Want to protect your cyber security and still get fast solutions? Ask a secure question today.Go Premium

x
  • Status: Solved
  • Priority: Medium
  • Security: Public
  • Views: 295
  • Last Modified:

Data Modeling (Entities) [track emails]

This is not an academic assignment.

This question involves entities only, no attributes. Do you agree with the proposed entities? Is another entity needed for the text of the e-mail message body?

I am designing a database that will be used to track the emails that are contained in PDFs. Numerous emails are printed to a single PDF file. Each PDF contains numerous emails. The PDFs are not going to be stored in a database. Only the file path and file name will be tracked. This will be a single user database.

Sent e-mails. The following will be tracked:
1) The date and time the e-mails were sent.
2) The sender’s first and last name.
3) The text of the message body will be copied into a field.

E-mail Images. The following will be tracked:
1) An image of every e-mail.
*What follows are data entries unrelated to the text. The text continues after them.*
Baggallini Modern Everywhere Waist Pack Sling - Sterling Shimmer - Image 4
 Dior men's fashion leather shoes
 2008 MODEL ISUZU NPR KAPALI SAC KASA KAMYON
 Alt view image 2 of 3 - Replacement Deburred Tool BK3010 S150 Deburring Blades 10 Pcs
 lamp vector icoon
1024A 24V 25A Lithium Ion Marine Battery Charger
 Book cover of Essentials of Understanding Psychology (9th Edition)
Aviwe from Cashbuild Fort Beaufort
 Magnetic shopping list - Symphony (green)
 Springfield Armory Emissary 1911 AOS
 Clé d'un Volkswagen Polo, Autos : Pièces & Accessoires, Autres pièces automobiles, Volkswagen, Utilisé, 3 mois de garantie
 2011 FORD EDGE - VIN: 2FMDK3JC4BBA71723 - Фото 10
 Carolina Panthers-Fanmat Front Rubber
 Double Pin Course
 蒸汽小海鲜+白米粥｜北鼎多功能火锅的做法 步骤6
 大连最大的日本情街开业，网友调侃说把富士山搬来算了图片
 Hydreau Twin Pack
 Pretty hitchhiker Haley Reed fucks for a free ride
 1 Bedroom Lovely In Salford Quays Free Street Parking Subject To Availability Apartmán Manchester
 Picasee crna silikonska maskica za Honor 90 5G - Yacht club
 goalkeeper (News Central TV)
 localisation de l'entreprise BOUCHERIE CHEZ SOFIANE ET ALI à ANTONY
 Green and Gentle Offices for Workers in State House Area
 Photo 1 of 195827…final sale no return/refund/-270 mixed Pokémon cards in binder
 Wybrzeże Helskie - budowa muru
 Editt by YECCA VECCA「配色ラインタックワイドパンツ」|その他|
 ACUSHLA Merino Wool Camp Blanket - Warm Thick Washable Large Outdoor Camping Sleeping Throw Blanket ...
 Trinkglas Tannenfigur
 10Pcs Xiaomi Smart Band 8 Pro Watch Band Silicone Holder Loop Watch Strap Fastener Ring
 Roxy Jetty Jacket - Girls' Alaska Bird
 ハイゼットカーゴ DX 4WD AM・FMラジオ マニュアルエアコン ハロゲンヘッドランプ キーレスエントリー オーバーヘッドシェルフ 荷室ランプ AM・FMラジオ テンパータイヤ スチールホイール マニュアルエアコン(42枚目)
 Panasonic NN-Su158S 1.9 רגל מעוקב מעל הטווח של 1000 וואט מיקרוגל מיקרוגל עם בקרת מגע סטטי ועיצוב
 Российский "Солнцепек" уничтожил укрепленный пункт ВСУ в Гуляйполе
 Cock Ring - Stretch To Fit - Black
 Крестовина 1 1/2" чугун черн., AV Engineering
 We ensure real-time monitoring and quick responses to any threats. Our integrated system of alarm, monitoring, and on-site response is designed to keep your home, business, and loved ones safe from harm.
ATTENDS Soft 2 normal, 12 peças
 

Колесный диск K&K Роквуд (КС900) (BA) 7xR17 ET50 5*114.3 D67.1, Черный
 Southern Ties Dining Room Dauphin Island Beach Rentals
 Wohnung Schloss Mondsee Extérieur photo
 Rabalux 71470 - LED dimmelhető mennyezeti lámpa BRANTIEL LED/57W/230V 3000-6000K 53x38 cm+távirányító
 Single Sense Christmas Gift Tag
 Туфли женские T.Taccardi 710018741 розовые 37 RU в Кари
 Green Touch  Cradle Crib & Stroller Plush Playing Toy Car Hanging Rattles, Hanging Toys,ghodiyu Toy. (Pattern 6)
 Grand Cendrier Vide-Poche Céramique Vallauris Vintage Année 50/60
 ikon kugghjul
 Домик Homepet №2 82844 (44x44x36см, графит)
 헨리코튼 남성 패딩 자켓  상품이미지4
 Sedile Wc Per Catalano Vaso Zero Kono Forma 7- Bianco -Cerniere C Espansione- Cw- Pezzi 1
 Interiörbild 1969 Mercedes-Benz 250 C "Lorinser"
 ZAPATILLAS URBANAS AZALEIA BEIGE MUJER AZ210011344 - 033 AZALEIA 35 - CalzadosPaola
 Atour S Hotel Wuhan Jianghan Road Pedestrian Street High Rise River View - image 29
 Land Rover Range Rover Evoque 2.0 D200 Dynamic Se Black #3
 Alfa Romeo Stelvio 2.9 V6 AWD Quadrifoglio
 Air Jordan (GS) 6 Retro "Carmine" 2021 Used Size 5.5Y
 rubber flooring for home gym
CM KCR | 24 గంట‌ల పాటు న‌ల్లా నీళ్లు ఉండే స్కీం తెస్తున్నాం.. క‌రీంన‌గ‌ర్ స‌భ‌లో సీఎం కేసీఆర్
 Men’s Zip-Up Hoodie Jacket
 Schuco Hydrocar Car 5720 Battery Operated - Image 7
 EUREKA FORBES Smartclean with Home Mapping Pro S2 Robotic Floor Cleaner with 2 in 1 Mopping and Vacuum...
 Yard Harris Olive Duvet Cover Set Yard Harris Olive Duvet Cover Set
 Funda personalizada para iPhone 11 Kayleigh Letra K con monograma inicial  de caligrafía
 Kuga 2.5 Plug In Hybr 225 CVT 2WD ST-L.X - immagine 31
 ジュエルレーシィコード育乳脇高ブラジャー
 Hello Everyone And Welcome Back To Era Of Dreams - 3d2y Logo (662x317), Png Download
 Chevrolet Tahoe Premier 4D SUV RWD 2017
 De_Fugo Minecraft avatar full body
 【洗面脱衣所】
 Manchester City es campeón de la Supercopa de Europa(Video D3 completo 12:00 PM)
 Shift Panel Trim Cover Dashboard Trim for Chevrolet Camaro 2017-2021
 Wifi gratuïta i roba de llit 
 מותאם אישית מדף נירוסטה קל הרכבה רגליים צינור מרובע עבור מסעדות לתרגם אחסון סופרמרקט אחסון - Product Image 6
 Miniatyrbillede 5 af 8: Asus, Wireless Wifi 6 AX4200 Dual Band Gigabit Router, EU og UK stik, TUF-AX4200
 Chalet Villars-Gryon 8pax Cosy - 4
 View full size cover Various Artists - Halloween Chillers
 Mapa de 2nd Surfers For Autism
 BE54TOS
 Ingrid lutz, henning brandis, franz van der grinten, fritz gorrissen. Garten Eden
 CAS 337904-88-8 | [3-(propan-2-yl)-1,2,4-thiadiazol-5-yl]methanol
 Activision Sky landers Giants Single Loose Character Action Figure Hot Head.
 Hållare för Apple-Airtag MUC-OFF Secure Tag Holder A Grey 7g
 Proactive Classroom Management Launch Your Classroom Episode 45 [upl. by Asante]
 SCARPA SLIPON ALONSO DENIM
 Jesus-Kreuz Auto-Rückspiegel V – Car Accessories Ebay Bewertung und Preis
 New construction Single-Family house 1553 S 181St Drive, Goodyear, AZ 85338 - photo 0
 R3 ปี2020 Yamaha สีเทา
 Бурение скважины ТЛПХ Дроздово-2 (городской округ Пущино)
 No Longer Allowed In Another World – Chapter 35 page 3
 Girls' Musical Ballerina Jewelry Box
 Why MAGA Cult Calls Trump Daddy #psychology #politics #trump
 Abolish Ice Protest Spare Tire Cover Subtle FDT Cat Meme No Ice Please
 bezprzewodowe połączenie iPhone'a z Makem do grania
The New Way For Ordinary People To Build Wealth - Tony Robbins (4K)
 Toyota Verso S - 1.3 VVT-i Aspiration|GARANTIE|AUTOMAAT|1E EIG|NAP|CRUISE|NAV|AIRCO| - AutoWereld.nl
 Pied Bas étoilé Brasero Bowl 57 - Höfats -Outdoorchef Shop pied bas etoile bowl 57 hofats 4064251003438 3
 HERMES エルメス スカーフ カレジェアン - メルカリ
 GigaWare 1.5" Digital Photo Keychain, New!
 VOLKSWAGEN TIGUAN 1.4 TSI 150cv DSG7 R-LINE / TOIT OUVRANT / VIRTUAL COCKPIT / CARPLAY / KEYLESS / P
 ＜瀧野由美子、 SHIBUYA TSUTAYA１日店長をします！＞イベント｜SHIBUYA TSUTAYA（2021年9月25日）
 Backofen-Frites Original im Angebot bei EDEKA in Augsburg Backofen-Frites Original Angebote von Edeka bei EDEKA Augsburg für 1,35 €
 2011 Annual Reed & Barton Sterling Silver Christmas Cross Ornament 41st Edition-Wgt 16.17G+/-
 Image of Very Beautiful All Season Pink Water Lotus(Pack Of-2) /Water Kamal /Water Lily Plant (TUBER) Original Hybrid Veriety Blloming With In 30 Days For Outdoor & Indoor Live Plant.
A multipage PDF will contain an image of every e-mail.
2) The e-mail image file path.

Here is a sample report:
Sender: Mary Smith
Date: 1-1-14
Time: 4:00 p.m.
File c:\email\file1.pdf
Email Contents: .. text from e-mail...


Proposed entities:
Emails
Drives
Files
File Types
Paths
Senders
0
Mark01
Asked:
Mark01
  • 10
  • 6
  • 2
3 Solutions
 
Jim Dettman (Microsoft MVP/ EE MVE)PresidentCommented:
I'd question having to have "paths" as a separate entity, unless your doing something along the concept of libraries.

And despite Scott's comments in that first thread, I think your trying to way over think this.   This is not a design that is going to be used across an enterprise and support thousands of users.

I'm not saying don't to it right, but the design is straight forward enough.  It's not going to be obvious until you come up with attributes and start plugging in data and asking all the questions that need to be answered (inquiry / reporting) whether or not your entities are correct.  Since only you have the complete picture and understand the need at this point, your the only one that will be able to tell if it's right or not.   Since your just starting out in DB design, your not going to know that until you work through it.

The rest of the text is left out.